Six more people have filed suit against Hartford, CT-based St. Francis Hospital and Medical Center alleging abuse by George Reardon, MD, who worked at the hospital for 30 years and is believed to have sexually abused as many as 500 children. The complaint alleges that the hospital was negligent in failing to stop Reardon or supervise him adequately. It also accuses the hospital of systematically covering up Reardon's sexual misconduct and following a policy of discouraging the spread of information about sexual misconduct involving doctors and minors, the Hartford Courant reports.
Minnesota House and Senate conferees reached agreement on a bill that would preserve the state's core health and human services programs while cutting $114 million in the current budget cycle and another $155 million in 2012-13. The measure faces a veto threat from Gov. Tim Pawlenty, who has opposed several provisions. Chief among Pawlenty's objections has been a provision that would move about 37,000 poor, sick Minnesotans from the state's scaled-back General Assistance Medical Care program into an expanded state-federal Medicaid program.
Walgreen Co. said it won't sell an over-the-counter genetic test to consumers until the company that makes the test works out any regulatory issues with the U.S. Food and Drug Administration. The FDA said it had contacted Pathway Genomics about plans to sell a test designed to predict a person's risk for developing diseases or how they might respond to certain drugs. The company announced plans this week to sell its Insight Saliva Collection Kit through 6,000 Walgreens stores, the Wall Street Journal reports.
With the passage of the Patient Protection and Affordable Care Act, you can expect states to begin experimenting more aggressively with ACOs in their Medicaid programs, says Sg2 Vice President Bob Woodson. You can also expect that more large community hospital systems, academic medical centers and large physician groups will begin discussions with each other and with commercial payers about a variety of risk-sharing models, including ACOs, he says.

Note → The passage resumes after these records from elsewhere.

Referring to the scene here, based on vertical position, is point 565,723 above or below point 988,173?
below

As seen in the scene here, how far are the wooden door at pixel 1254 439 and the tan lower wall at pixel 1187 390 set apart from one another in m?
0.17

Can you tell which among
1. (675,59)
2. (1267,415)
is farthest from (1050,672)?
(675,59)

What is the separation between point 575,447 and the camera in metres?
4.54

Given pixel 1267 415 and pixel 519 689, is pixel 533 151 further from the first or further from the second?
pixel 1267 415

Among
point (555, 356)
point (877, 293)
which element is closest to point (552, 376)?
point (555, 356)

Efforts to block a key provision of the new healthcare overhaul law are underway in 33 states, as a growing roster of mostly Republican officials have mounted legal and legislative challenges to an eventual requirement that virtually all Americans buy health insurance or pay a penalty tax. On May 14, seven more states will formally join a lawsuit originally filed by Florida and 12 other states in late March. The suit contends that Congress lacks the constitutional authority to mandate an individual's participation in an insurance plan, and that it has infringed on states' rights by requiring them to extend coverage to more low-income residents without fully funding the additional cost.
Mary Kay Henry, the new president of the Service Employees International Union, plans to keep recruiting healthcare workers to the union and expects the healthcare overhaul bill will help SEIU do just that. "I think we'll see more workers wanting to join a union so they can have a say" in how their employers implement provisions of the healthcare bill, Henry said in an interview with Washington Wire, a blog published online by the Wall Street Journal. Henry, who headed SEIU's healthcare division, said the legislation makes SEIU more important to workers, who will need the union's help in sorting through complicated changes.